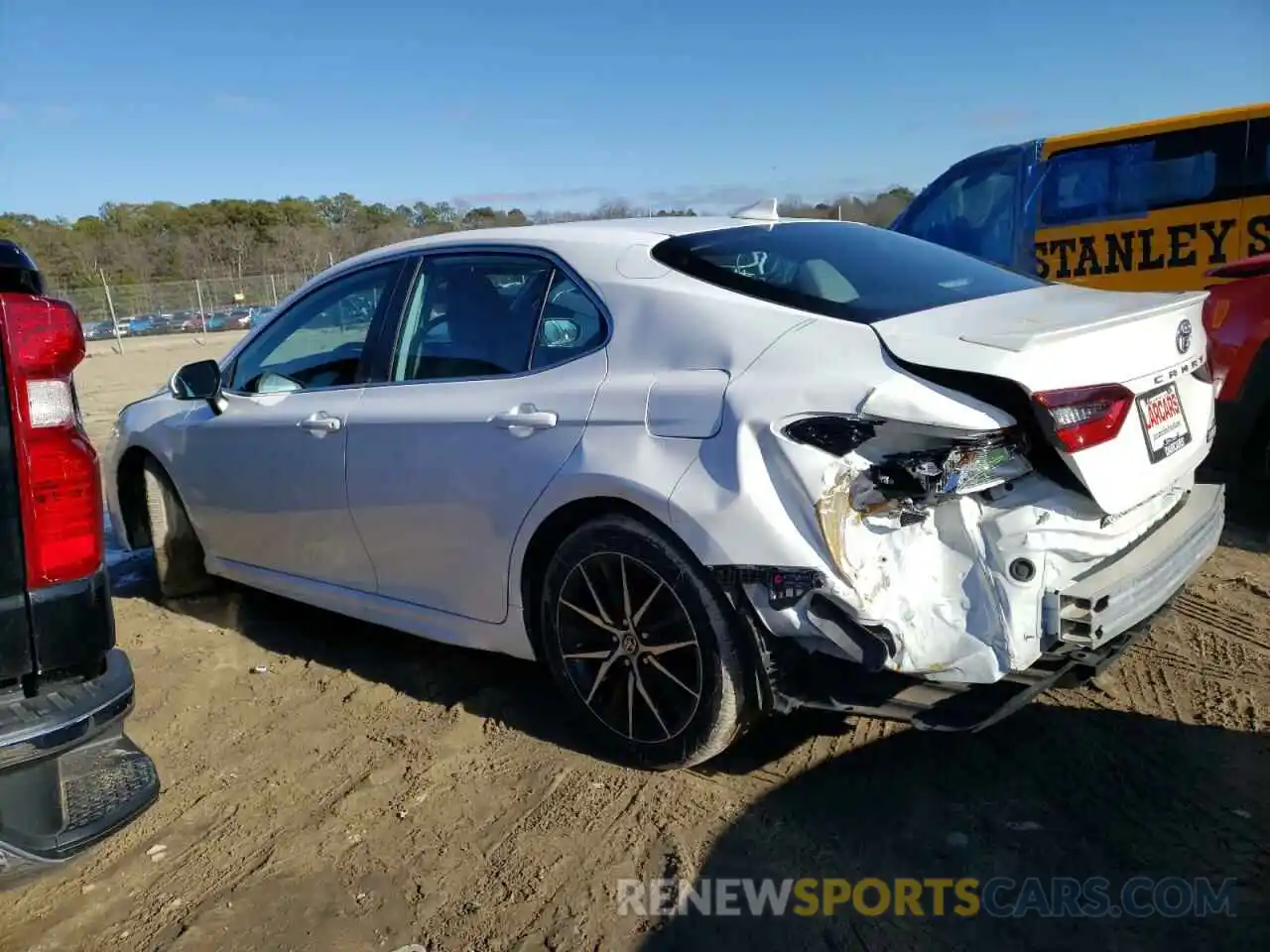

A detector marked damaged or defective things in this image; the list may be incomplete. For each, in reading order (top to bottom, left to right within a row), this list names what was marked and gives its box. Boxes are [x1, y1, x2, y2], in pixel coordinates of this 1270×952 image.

broken taillight [0, 294, 102, 588]
damaged white toyota camry [106, 201, 1218, 767]
crushed rear bumper [721, 479, 1223, 736]
broken taillight [1031, 381, 1132, 454]
crushed rear bumper [0, 654, 159, 893]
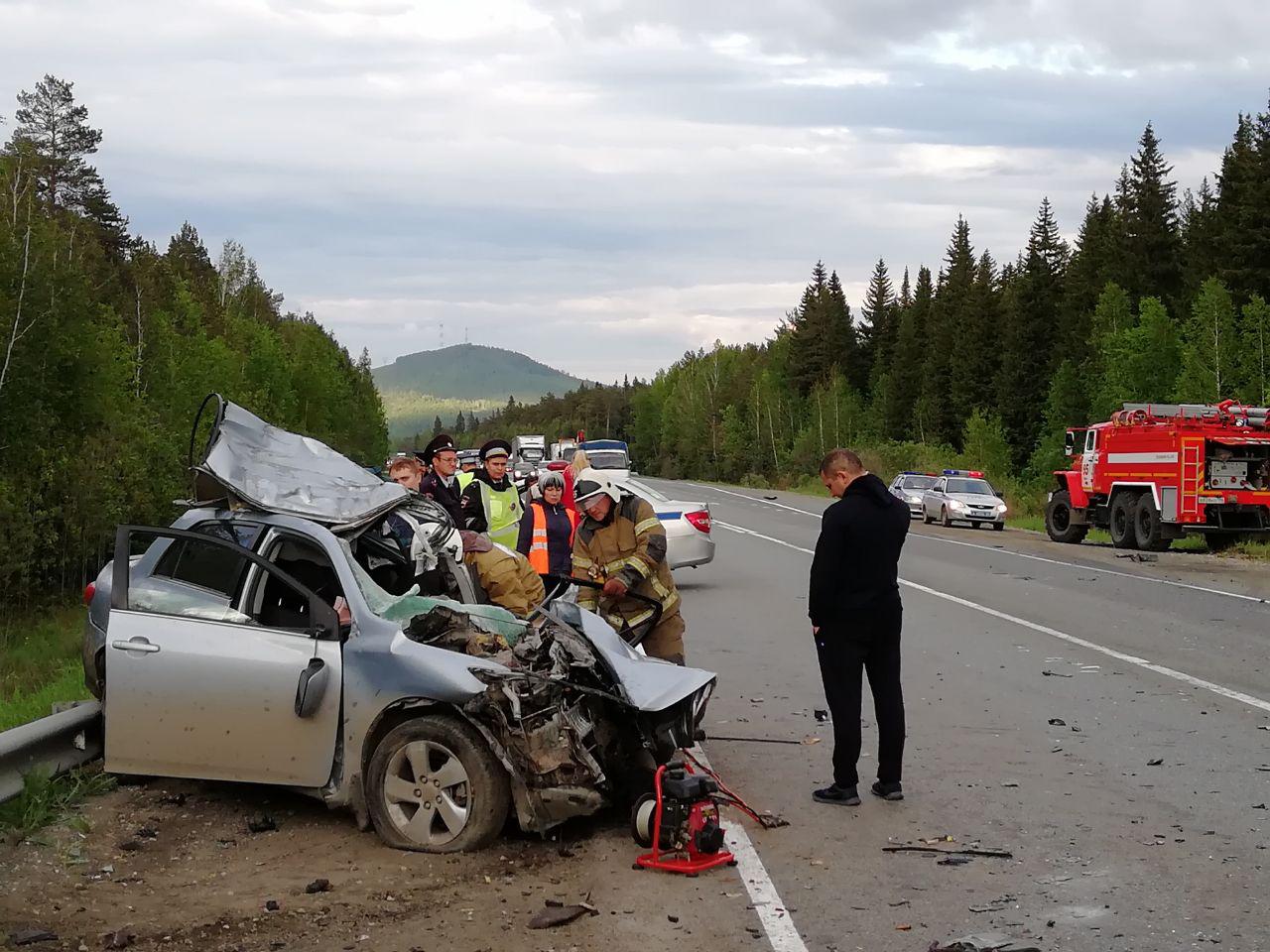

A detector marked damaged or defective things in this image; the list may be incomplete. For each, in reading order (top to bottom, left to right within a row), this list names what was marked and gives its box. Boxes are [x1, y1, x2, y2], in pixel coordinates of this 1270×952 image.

Task - Set every entry down again word for word, but not the pictures.

Reply -
A detector marked damaged or defective things in this image; the list may be incomplete. For each, in reading order (top to bottom, left to right within a row), this list names what was marked and gives its box. Boxes are [x1, y1, x2, y2], in pixel coordinates of this 1270×952 image.

broken taillight [0, 294, 102, 588]
damaged white toyota camry [106, 201, 1218, 767]
crushed rear bumper [721, 479, 1223, 736]
broken taillight [1031, 381, 1132, 454]
crushed rear bumper [0, 654, 159, 893]

A detector marked damaged or defective things in this image; the list may be incomplete. For each, in reading order (top to bottom, left to right within a row), this list names what was marked and gives its box. Boxes are [x1, y1, x2, y2], in pixel coordinates of this 1270×952 image.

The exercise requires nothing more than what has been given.